Segment Start: DATASET RECORDS
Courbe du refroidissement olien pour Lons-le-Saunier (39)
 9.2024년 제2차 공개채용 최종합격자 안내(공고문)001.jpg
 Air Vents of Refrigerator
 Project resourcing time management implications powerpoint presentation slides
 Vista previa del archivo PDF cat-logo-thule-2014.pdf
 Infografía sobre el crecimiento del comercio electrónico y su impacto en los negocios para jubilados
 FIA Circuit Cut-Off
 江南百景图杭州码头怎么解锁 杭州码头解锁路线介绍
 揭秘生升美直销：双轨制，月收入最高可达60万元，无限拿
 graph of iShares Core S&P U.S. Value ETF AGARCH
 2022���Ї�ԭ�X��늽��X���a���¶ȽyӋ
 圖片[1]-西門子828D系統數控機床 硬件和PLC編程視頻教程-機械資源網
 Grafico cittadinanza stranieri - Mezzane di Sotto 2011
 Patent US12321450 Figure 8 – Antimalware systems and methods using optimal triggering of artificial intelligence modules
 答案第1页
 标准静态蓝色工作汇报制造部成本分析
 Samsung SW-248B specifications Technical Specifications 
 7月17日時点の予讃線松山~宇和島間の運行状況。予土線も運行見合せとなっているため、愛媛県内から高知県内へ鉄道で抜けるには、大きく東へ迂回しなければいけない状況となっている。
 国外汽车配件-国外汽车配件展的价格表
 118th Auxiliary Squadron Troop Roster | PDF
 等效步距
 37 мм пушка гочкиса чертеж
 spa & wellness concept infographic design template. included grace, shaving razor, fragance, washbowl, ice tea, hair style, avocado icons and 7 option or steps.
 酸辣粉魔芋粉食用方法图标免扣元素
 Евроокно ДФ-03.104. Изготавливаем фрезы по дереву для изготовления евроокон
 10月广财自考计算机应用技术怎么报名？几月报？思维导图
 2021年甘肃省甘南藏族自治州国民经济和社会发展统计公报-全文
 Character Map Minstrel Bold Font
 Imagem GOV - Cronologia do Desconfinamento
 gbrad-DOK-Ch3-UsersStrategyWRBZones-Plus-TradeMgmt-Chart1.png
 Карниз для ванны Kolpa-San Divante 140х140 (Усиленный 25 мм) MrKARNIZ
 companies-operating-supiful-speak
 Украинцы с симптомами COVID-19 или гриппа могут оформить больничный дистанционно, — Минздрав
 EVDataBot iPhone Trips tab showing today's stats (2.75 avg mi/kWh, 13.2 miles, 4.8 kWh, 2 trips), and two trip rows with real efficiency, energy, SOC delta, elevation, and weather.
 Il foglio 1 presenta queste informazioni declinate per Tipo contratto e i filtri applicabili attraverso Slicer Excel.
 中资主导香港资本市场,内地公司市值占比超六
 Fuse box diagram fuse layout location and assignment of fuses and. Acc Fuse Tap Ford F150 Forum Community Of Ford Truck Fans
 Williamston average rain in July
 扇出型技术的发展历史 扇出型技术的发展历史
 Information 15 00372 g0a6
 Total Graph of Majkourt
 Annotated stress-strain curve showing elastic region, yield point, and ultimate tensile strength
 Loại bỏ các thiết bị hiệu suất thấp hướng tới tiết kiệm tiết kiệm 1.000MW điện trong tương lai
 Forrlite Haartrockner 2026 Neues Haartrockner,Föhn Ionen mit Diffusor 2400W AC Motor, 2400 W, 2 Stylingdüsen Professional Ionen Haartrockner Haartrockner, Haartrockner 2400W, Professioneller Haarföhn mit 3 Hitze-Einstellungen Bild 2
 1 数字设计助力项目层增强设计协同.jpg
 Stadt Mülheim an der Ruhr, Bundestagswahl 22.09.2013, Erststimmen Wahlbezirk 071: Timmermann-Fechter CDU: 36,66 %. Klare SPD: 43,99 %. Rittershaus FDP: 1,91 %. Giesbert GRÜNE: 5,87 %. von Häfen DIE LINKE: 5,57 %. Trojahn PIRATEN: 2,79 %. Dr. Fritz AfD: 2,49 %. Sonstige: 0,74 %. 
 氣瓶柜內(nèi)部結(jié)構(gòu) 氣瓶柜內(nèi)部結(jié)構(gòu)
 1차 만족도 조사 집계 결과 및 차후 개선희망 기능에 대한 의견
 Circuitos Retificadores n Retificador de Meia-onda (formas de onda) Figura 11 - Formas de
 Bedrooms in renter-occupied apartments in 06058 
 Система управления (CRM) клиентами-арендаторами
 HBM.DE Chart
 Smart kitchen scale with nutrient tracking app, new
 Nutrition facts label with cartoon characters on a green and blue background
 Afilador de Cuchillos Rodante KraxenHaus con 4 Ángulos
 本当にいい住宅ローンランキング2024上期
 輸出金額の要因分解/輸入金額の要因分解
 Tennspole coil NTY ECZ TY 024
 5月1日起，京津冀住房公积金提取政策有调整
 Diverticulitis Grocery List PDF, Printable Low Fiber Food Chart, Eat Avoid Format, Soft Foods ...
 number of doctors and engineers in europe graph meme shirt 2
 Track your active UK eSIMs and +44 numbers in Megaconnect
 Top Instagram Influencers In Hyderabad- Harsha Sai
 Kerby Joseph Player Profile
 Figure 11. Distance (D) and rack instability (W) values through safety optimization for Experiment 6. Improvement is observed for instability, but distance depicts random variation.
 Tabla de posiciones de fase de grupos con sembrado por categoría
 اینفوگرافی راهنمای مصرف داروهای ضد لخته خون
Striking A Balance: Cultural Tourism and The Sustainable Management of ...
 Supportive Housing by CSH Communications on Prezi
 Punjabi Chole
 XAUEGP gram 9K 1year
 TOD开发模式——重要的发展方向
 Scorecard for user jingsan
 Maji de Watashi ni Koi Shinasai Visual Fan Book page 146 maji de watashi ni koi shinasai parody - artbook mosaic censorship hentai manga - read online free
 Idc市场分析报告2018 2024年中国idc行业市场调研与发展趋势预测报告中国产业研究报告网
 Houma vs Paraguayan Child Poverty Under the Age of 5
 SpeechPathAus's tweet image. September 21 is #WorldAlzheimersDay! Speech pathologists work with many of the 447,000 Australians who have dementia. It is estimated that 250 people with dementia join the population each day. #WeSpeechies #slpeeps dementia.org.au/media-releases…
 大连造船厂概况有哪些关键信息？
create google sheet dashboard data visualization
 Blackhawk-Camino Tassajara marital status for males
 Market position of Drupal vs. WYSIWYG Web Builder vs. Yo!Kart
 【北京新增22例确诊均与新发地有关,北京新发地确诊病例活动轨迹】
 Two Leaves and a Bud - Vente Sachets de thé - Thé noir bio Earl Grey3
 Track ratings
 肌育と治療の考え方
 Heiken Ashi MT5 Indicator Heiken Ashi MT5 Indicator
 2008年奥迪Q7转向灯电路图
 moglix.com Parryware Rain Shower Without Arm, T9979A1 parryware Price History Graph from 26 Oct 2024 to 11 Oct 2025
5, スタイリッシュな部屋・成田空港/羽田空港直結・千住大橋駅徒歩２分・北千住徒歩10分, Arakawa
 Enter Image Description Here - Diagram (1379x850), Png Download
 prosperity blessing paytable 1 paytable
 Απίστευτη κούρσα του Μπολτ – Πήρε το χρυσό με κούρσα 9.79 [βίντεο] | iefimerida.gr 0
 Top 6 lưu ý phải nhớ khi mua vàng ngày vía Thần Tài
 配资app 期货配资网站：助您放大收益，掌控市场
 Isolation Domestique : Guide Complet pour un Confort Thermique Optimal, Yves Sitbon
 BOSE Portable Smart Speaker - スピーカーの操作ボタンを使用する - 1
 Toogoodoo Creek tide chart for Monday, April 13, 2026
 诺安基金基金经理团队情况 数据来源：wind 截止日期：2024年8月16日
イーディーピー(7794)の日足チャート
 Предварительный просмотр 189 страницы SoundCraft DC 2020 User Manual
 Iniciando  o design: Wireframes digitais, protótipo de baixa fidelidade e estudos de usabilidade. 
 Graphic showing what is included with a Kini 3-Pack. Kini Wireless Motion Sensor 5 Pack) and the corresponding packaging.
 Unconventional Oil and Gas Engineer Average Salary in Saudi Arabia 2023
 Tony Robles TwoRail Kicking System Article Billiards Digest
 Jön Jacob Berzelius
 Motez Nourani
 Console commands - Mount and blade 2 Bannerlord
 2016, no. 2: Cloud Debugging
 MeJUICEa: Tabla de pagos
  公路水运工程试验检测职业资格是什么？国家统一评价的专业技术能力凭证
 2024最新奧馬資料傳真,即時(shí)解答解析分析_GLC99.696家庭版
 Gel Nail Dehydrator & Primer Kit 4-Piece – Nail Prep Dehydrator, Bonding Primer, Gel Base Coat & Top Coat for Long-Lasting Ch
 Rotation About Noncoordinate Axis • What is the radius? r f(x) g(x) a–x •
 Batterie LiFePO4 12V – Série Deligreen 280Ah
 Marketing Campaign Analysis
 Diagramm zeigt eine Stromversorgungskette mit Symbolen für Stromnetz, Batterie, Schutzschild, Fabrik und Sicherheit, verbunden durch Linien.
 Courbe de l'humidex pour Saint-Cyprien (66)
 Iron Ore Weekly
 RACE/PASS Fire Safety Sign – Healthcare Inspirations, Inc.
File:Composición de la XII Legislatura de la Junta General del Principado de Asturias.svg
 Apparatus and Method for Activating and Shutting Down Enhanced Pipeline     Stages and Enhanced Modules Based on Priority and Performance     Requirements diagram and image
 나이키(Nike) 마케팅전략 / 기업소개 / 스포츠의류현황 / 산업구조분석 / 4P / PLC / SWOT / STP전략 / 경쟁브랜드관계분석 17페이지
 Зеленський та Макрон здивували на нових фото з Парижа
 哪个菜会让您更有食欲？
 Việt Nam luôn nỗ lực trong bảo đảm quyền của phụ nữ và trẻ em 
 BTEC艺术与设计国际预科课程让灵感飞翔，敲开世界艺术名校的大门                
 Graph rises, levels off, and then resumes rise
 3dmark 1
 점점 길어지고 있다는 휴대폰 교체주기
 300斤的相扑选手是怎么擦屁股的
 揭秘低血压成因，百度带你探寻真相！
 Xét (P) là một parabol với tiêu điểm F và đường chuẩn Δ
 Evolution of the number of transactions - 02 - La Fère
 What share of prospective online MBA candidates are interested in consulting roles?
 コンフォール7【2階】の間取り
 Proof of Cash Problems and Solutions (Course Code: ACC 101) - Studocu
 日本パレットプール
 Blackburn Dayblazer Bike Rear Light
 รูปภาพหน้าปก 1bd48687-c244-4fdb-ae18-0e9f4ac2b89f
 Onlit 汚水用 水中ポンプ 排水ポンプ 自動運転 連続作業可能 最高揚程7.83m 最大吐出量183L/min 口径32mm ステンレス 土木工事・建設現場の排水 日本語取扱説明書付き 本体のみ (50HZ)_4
Segment End: DATASET RECORDS
WHAT YOU ARE ASKED TO DO »
Report every line in the listing that holds the word "pour".

RESPONSE TO THIS TASK »
Courbe du refroidissement olien pour Lons-le-Saunier (39)
 Isolation Domestique : Guide Complet pour un Confort Thermique Optimal, Yves Sitbon
 Courbe de l'humidex pour Saint-Cyprien (66)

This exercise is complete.